今月も有休の消化は映画の割引がある日にしようと、レディースデーに。
TOHOシネマズ西宮で4本ハシゴつもりだったため、
1本毎に車を出し入れするのはかなり面倒くさすぎると、
西宮ガーデンズ近くの最大料金700円のタイムズへ駐車。

ホントは1日以来、『ジャンゴ』が観たくてたまらないんです。
なのに、前売り券を買ってしまったがために、安い日に使うのが悔しく。
TOHOシネマズ伊丹のレイトショーで観ることも考えましたが、
レイトショーも前売り券より100円安いんですよね。(--;

という、本作と関係ない話はさておき。
先月同劇場へ行ったときからは手湿疹の状態も格段によくなっています。
それでもまだ手袋は放せませんが、怪しさは下がったかと。

すーちゃんとまいちゃんとさわ子さんは、
以前のバイト先で知り合った30代の独身女性。

すーちゃんは料理が得意、カフェに勤務して12年。
マネージャーの中田さんのことをちょっといいな~と思っている。

まいちゃんはOA機器メーカーでばりばり働くキャリアウーマン。
妻子ある男性と不倫中で、ストレスは溜まる一方。

さわ子さんは在宅勤務のWebデザイナー。母と寝たきりの祖母の3人暮らし。
出前を頼んだところ、配達に来たのは昔々の同級生。親の店を継いだと知る。

あらすじとして書くべきこともない、こんな3人の日常です。
わざわざ劇場で観なくてもよかったかなと思わなくもありませんが、
冒頭シーンから聞こえる3人の心の声が可笑しい。

オーナーから叱られたバイトの女の子がスネれば、
内心は「辞めてもいいよ」と思いつつ、声に出して言うのは「辞められたら困る~」。
上司と取引先の偉いさんの話に笑顔で相づちを打ちながら、
内心では「この2人、死んでくれないかなぁ。
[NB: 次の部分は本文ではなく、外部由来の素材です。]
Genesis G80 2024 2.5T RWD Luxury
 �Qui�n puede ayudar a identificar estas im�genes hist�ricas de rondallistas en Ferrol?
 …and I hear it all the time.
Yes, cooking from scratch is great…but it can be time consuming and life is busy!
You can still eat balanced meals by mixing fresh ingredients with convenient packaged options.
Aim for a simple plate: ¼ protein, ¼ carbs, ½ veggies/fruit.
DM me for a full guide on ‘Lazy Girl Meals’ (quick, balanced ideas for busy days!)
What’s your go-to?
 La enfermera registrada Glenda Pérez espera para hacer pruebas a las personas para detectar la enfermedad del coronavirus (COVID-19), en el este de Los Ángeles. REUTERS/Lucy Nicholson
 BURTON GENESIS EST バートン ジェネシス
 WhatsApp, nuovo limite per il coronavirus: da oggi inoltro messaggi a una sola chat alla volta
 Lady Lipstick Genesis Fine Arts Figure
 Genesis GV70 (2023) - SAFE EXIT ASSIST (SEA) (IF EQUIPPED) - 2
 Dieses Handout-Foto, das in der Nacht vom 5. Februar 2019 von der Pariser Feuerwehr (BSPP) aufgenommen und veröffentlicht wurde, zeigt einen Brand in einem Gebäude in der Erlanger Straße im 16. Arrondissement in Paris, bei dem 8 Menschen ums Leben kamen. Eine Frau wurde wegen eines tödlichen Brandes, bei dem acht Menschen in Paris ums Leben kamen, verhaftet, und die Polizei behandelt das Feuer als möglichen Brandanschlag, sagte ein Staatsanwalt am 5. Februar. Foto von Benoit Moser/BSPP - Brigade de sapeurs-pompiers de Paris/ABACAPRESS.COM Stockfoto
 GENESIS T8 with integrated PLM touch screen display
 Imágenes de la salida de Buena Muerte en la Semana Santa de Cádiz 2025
あ、それは言い過ぎ。
せめて消えてくれないかなぁ」、などなど。
特にまいちゃん(真木よう子)の心の声はサイコーです。

いま職を失えば、ろくに貯金もないのに、一人で生きていけるだろうか。
そんな漠然とした不安を持つのは、やはり女性のほうが多いと思います。
職も貯金もある女性にしても、このままでいいのだろうかと悩み、
お見合い結婚に出産と、いわゆる女の幸せを手に入れたら入れたで、
捨てたほうの人生ももしかしたらありだったんじゃないかと思う。

そうして思い悩んでいるときの、友だちがふと見せてくれる優しさ。
寝たきりの祖母が何もわからないからと言って顔も見せようとしない兄弟に対し、
さわ子さん(寺島しのぶ)宅に招かれたすーちゃん(柴崎コウ)が
当たり前のように「おばあちゃんに挨拶したい」と言うシーンがとても良かったです。

『しあわせのパン』(2011)の“ひとつだけ”、『草原の椅子』の“中央線”、
そして本作の“PRAYER”と、矢野顕子の曲はどれも印象的。
ダントツで心に残っているのは『監督失格』(2011)の“しあわせなバカタレ”ですけれども。

なんちゅうことはない、でもハシゴ1本目には最適の清々しい作品でした。